> **PROBLEM DESCRIPTION**: Transcribe exactly everything in the data below from the line containing "Niebieskie klapki espadryle 7970-PL szare" down to the line containing "INTSUPERMAI Fermentation Tank", both lines included and nothing further.

> **DATASET CONTENT**:
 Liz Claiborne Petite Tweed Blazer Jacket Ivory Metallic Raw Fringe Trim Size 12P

* * *

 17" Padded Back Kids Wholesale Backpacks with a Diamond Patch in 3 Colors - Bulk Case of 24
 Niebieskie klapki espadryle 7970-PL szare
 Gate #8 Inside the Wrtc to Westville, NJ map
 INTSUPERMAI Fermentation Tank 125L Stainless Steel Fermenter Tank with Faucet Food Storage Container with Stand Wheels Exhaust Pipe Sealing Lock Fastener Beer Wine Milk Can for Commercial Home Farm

> **EXERCISE SOLUTION**:
 Niebieskie klapki espadryle 7970-PL szare
 Gate #8 Inside the Wrtc to Westville, NJ map
 INTSUPERMAI Fermentation Tank 125L Stainless Steel Fermenter Tank with Faucet Food Storage Container with Stand Wheels Exhaust Pipe Sealing Lock Fastener Beer Wine Milk Can for Commercial Home Farm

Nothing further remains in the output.